Friday, March 27, 2020

Reasons to Love the Wingfeather Saga (Part the First)

Hey'a, everyone! So, as I mentioned in last week's post, Andrew Peterson and Waterbrook Press recently re-released the first two Wingfeather Saga books, and I made the release street team. As you may also remember, the release took place the week that everything descended into chaos and madness, which meant I neither reread the books in as timely a fashion as I intended nor blogged about them when I planned. But, better late than never, and I'll take any excuse to ramble about the books I love! So, here is Part the First of my non-exhaustive list of reasons to love (and read, and reread, and reread again) the Wingfeather Saga. I'll be focusing primarily on the first two books, On the Edge of the Dark Sea of Darkness and North! Or Be Eaten in this post, and I'll talk about the other two books, Monster in the Hollows and The Warden and the Wolf King, in my second post, which will go up when those two rerelease. Hopefully the world will be a little less crazy then, yeah?

Reasons to Love the Wingfeather Saga
(Part the First)

  1. It's a very family-oriented series. I mean this in both senses. It is a story that the whole family can enjoy (and my whole family does, and so do the wholes of several other families I know that include a much wider variety of ages). But it's also a story very focused on familial relationships.

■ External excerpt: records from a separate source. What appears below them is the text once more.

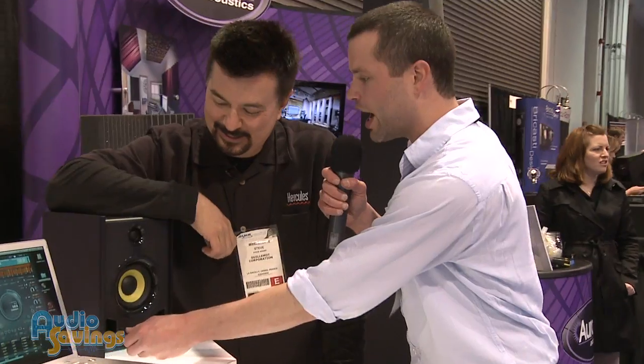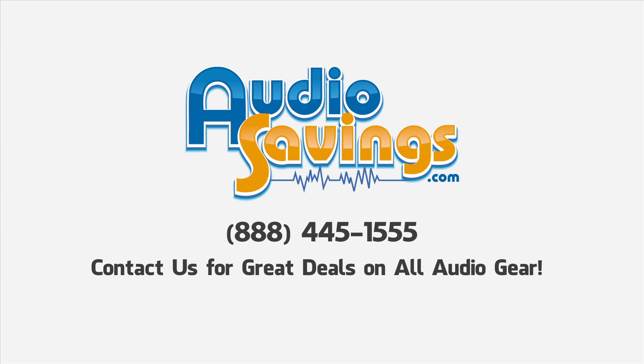Cool sound, cool design — they look good, so we'll definitely be anticipating the drop on these. Steve, thank you so much, appreciate your time. Thank you, Will. You know where to get them — Will here with Audiosavings.com.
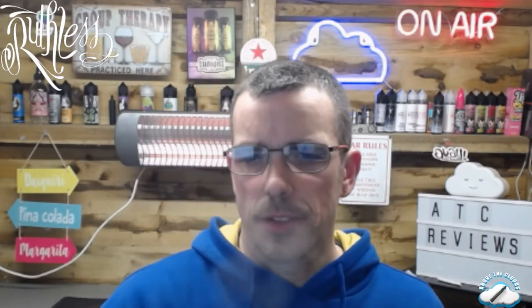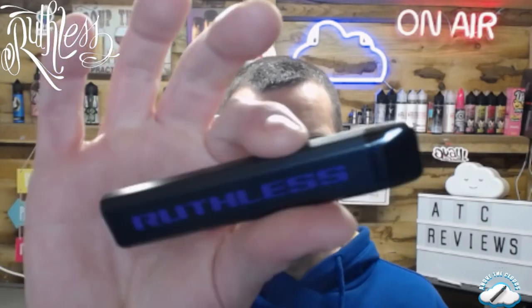Yes, quite nice — the flavor is on point, the draw is relatively tight. For someone transitioning from smoking to vaping this could definitely be a good stepping stone, and we all know Ruthless make good liquids, so the liquid inside this is always going to be spot on — and this one is.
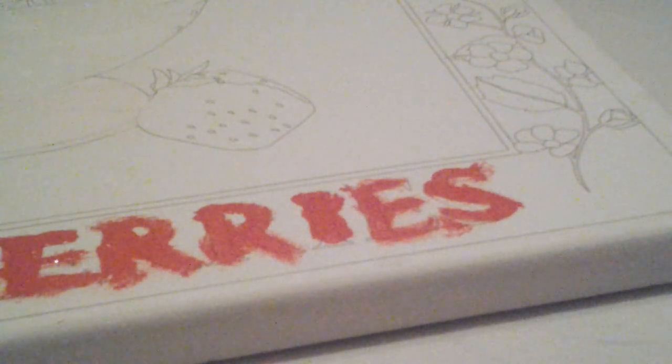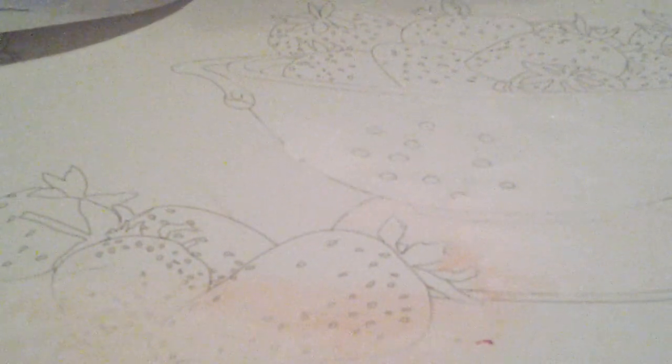I'm almost done, just wanted to tell you. I'm gonna fast forward this so you don't have to see everything. I already colored it white.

That's consistent across all four novels, but you get the biggest variety of those relationships in these first two novels. These two are also where you most clearly see the relationship between Leeli and her grandfather, which has a special place in my heart.
  2. It has footnotes! I've mentioned this before, but I love footnotes in fantasy. Whether used seriously or in humor, I feel like they give another layer of depth to the narrative and worldbuilding. In some respects, they give some of the effects of having a Silmarillion-and-then-some behind the story without having to actually write those background books (unless you want to). In any case, they certainly make the story feel like something that's been given to you out of that world, and they give the author a chance to add all the fun little asides that they can't put in the actual story.
  3. It has absolutely amazing artwork (in the new versions). Practically speaking, I recognize why most fantasy novels don't have a lot of artwork in them. Artwork requires an artist, and getting an artist requires a fair bit of money and time. However, I do think that good artwork dropped in here and there in appropriate places can help bring a story to life. So, I quite enjoy the fact that the new editions of the Wingfeather Saga has some absolutely gorgeous art at key points. Plus, the characters (except for two) actually look like I imagined them! Which is awesome!
  4. You need to meet Artham. Look, I am not going to make a list of my favorite heroes in fantasy fiction. Even if you let me make two lists, one for heroes and one for heroines, I'd spend the entire time second-guessing my picks. But one of the few who I wouldn't second-guess hails from these books, and his name is Artham. If you've read the books, you know who I mean and you most likely agree. Artham is magnificent, and his part of the story contains some of the most heartbreaking lows and the most thrilling triumphs. (Other people might argue with me on that. That's fine. I'm probably biased.) And besides being a great character, Artham has inspired some of my characters, so . . . yeah. He's cool.
  5. It's a story about kids who are actually kids and are treated like kids (but not in a bad way). Maybe I've just gotten salty and cynical as I've become an adult-ish person, but I become more and more frustrated with some fantasy books in which the kids are given an unrealistic amount of responsibility and then handle it unrealistically well, or where it's constantly the kids solving the problems because the adults are, for some mysterious reason, unable to do so. But in the Wingfeather books, the kids are kids. They generally think like kids and act like kids, and they're treated like kids. When they aren't treated like kids, when they're forced into situations that force them to grow up too fast, that strip away joy and innocence, it's treated as a genuine tragedy. And I appreciate that a lot.
Have you read the Wingfeather Saga yet? What do you think are the biggest reasons to love it? If you haven't read it yet, have I convinced you to give it a try? Please tell me in the comments!
Thanks for reading!
-Sarah Pennington


  1. I LOOOOOVE this series! And it's certainly time for a reread, but I'm hoping to purchase the new editions for my library first---they're GORGEOUSSSSSSSS.

    My top reasons I love this so much are:
    1] THE FOOTNOTES. Seriously, I laugh at nearly every. Single. ONE. xD
    2] the message & heart of family the books portray. TT_TT Such beautiful stories!!

    1. They really are! I hope you can get ahold of them!

      Both of those are very good reasons to love the series. Thanks for sharing!

  2. I'm currently listening to the read-along with little brother. This series really is fantastic, and I'm impressed with the new artwork.
    (I adore footnotes. Wish more books had 'em.)

    1. Fun! I haven't really been keeping up with the readalong, but I'm glad you're enjoying it! (And I agree, 100%.)